### Task to carry out
Write out the entries below exactly, but only from the line containing "гашик Дегтярск" through the line containing "Bodega Alvides tweet media", and without the pictures.

### The data
- Opening Delimiter -

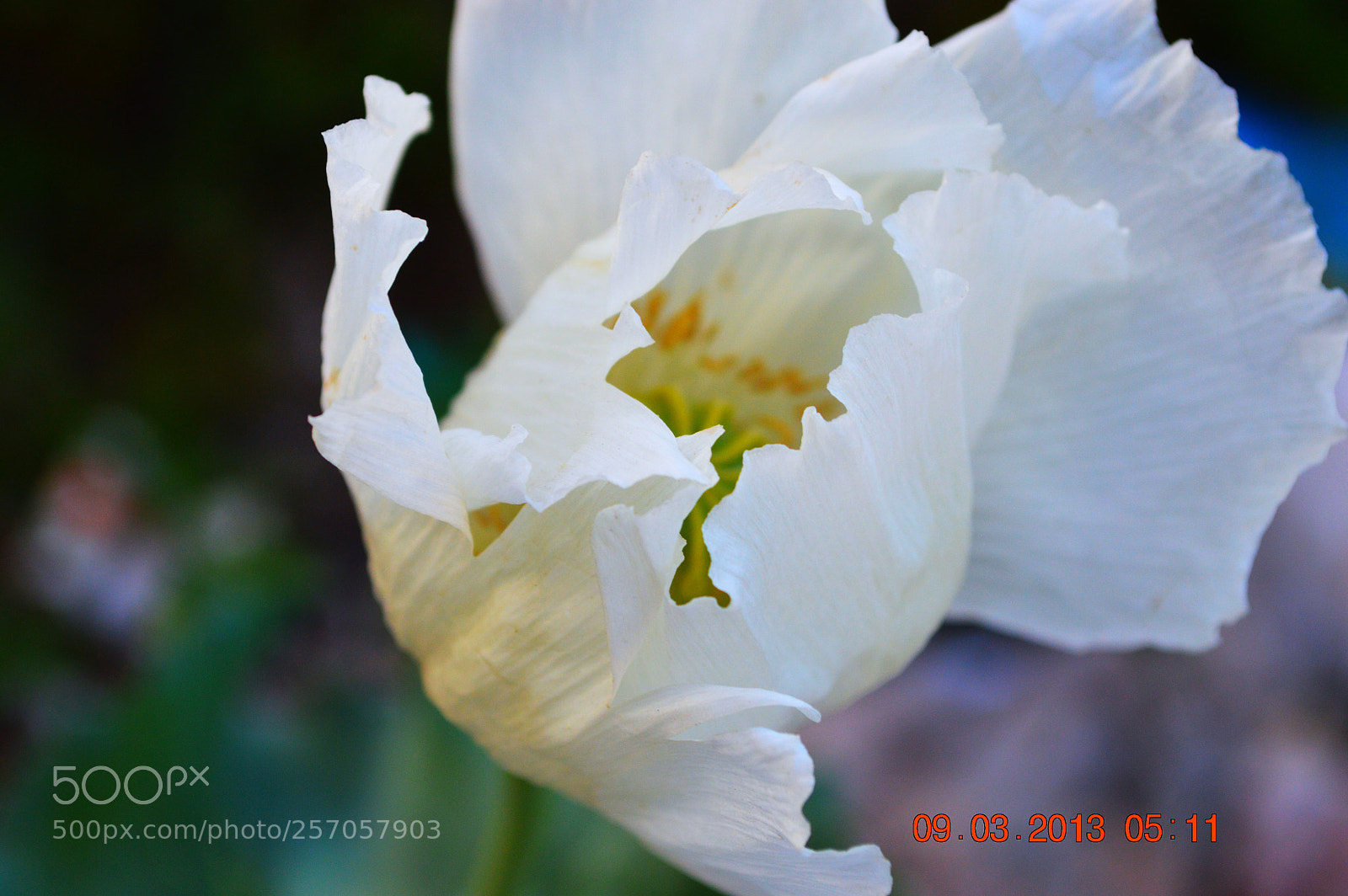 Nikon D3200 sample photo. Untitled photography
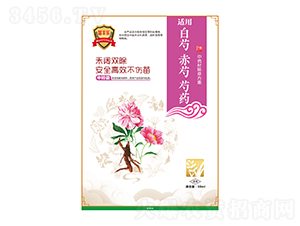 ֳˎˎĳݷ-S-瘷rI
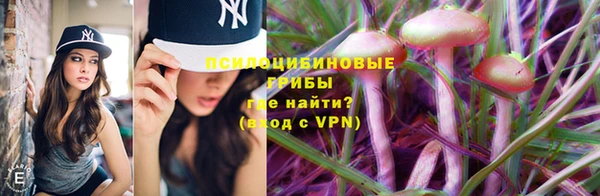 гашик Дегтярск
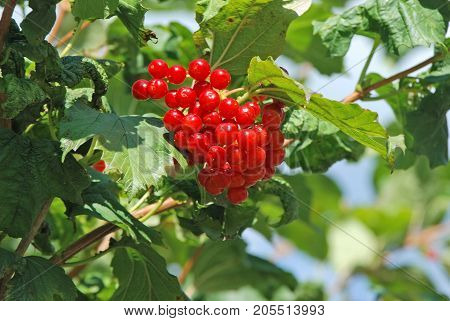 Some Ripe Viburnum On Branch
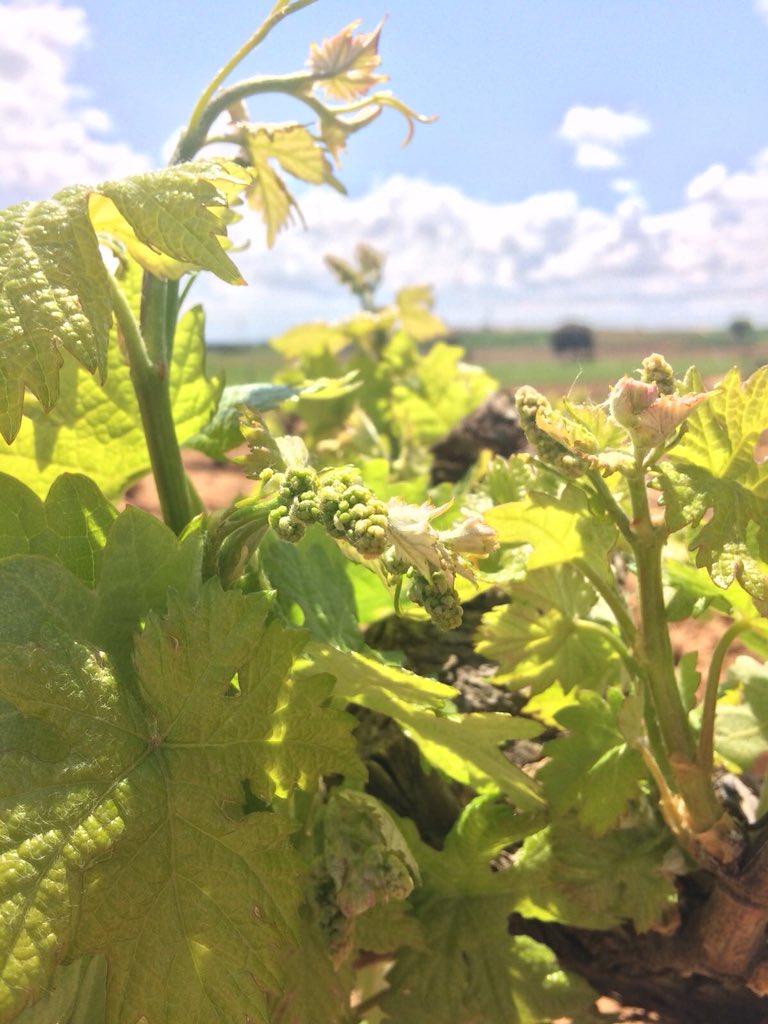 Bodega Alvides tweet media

- Closing Delimiter -
- Opening Delimiter -

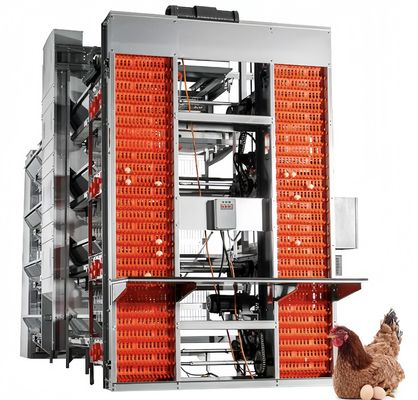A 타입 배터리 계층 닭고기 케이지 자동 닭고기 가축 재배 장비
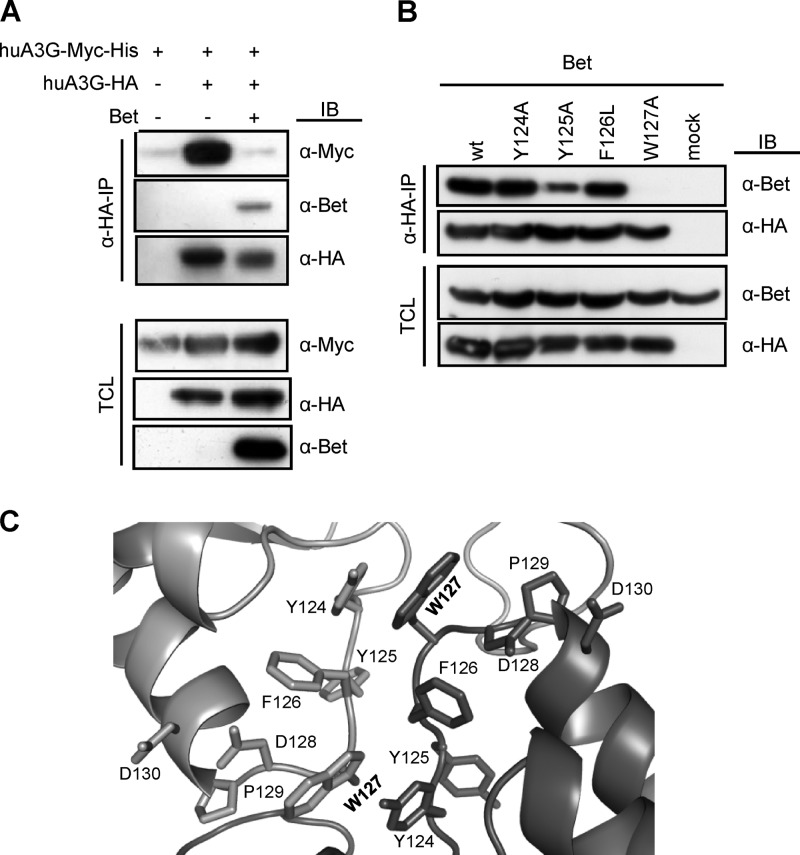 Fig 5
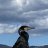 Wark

- Closing Delimiter -

### Task solution
 гашик Дегтярск
 Some Ripe Viburnum On Branch
 Bodega Alvides tweet media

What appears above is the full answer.